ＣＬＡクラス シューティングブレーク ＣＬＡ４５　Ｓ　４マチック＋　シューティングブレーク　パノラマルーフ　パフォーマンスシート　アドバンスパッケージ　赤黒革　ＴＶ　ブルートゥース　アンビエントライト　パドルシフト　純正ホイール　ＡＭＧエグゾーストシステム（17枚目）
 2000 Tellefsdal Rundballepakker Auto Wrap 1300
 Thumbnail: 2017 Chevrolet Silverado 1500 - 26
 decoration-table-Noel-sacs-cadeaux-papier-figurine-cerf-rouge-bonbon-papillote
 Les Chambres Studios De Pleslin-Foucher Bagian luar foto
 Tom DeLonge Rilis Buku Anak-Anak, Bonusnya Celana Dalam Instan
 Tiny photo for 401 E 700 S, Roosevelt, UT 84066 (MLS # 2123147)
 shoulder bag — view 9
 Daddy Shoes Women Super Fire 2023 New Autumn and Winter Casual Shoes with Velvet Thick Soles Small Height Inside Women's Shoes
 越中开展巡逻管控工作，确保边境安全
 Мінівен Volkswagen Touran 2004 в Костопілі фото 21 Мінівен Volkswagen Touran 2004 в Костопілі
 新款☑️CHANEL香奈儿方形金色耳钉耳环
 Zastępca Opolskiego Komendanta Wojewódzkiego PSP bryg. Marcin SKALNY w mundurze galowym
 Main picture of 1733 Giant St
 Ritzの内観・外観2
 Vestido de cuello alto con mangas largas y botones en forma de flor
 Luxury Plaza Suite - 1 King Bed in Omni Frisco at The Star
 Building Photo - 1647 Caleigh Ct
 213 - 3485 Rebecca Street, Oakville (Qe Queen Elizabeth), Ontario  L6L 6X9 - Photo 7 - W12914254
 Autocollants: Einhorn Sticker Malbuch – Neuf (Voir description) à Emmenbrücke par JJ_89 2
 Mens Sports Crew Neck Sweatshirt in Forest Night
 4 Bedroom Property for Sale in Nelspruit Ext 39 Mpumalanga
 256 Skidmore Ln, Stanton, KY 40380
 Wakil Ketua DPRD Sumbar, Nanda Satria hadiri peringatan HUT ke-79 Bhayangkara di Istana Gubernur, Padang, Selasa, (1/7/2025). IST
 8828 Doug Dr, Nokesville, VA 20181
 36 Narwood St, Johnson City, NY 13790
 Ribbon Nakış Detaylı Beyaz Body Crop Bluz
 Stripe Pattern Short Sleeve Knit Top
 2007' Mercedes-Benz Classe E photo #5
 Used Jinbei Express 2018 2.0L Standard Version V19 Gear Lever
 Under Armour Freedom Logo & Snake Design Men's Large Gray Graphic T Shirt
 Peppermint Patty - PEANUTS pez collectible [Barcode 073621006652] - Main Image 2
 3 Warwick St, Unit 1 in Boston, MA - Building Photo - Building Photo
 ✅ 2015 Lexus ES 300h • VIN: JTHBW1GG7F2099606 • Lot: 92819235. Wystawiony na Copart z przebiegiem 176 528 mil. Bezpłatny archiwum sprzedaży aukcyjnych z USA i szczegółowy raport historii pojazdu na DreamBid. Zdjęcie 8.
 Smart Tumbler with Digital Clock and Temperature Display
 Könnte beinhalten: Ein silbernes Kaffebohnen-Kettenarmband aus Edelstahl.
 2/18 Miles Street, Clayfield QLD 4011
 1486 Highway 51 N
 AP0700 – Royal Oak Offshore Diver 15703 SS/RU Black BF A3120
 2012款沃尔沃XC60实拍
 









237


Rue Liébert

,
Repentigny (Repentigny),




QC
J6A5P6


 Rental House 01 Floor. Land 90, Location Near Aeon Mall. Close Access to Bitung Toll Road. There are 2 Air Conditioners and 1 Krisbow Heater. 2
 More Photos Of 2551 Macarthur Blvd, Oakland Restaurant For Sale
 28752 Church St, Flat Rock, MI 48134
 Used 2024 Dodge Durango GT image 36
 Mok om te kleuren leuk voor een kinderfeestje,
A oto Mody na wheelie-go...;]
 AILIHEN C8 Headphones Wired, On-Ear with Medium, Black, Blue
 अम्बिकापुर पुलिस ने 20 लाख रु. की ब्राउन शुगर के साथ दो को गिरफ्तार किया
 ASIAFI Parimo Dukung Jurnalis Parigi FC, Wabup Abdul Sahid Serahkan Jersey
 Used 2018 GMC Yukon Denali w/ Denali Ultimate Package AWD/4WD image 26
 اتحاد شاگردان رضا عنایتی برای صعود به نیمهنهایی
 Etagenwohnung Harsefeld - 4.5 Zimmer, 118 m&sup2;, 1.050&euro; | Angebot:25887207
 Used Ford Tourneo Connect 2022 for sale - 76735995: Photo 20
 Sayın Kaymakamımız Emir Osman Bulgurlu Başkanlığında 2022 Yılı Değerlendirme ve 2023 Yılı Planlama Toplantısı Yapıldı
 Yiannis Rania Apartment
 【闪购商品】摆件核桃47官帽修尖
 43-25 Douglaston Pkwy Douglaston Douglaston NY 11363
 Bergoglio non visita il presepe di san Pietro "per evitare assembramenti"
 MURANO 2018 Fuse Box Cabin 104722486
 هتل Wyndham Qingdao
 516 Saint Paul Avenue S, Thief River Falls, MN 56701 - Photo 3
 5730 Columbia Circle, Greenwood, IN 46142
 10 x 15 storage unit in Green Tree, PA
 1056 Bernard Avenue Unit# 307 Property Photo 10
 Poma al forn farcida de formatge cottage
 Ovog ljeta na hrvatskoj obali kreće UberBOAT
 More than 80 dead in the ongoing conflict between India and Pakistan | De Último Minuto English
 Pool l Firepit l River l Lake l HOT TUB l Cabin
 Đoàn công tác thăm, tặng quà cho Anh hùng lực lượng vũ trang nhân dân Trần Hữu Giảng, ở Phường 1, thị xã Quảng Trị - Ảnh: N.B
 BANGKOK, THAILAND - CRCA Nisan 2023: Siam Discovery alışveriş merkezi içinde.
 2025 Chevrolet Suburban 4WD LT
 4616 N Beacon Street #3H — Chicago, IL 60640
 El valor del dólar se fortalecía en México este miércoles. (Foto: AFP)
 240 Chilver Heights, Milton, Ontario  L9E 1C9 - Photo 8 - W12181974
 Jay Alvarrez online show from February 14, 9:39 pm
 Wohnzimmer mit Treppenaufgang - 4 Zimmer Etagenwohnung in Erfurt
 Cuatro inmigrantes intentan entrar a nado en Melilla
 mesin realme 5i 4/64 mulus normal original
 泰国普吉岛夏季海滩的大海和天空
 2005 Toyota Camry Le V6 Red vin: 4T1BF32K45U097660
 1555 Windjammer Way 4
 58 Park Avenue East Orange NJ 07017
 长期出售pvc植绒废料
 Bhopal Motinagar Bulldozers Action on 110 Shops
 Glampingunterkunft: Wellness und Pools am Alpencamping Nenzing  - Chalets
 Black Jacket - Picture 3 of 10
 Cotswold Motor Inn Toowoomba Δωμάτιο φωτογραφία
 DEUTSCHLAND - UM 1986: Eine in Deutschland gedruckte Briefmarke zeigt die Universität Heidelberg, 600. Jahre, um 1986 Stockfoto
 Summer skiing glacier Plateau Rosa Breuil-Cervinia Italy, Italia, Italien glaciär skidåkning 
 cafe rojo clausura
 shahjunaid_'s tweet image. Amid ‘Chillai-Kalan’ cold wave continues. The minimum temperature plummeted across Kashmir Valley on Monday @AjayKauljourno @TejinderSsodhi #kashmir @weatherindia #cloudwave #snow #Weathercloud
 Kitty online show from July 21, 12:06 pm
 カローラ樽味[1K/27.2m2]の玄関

*****

How to complete this task
Reprint exactly the lines above that start at the one with "Etagenwohnung Harsefeld - 4.5" and end at the one with "Ovog ljeta na hrvatskoj obali kreće UberBOAT", keeping both and adding none.

Answer area
 Etagenwohnung Harsefeld - 4.5 Zimmer, 118 m&sup2;, 1.050&euro; | Angebot:25887207
 Used Ford Tourneo Connect 2022 for sale - 76735995: Photo 20
 Sayın Kaymakamımız Emir Osman Bulgurlu Başkanlığında 2022 Yılı Değerlendirme ve 2023 Yılı Planlama Toplantısı Yapıldı
 Yiannis Rania Apartment
 【闪购商品】摆件核桃47官帽修尖
 43-25 Douglaston Pkwy Douglaston Douglaston NY 11363
 Bergoglio non visita il presepe di san Pietro "per evitare assembramenti"
 MURANO 2018 Fuse Box Cabin 104722486
 هتل Wyndham Qingdao
 516 Saint Paul Avenue S, Thief River Falls, MN 56701 - Photo 3
 5730 Columbia Circle, Greenwood, IN 46142
 10 x 15 storage unit in Green Tree, PA
 1056 Bernard Avenue Unit# 307 Property Photo 10
 Poma al forn farcida de formatge cottage
 Ovog ljeta na hrvatskoj obali kreće UberBOAT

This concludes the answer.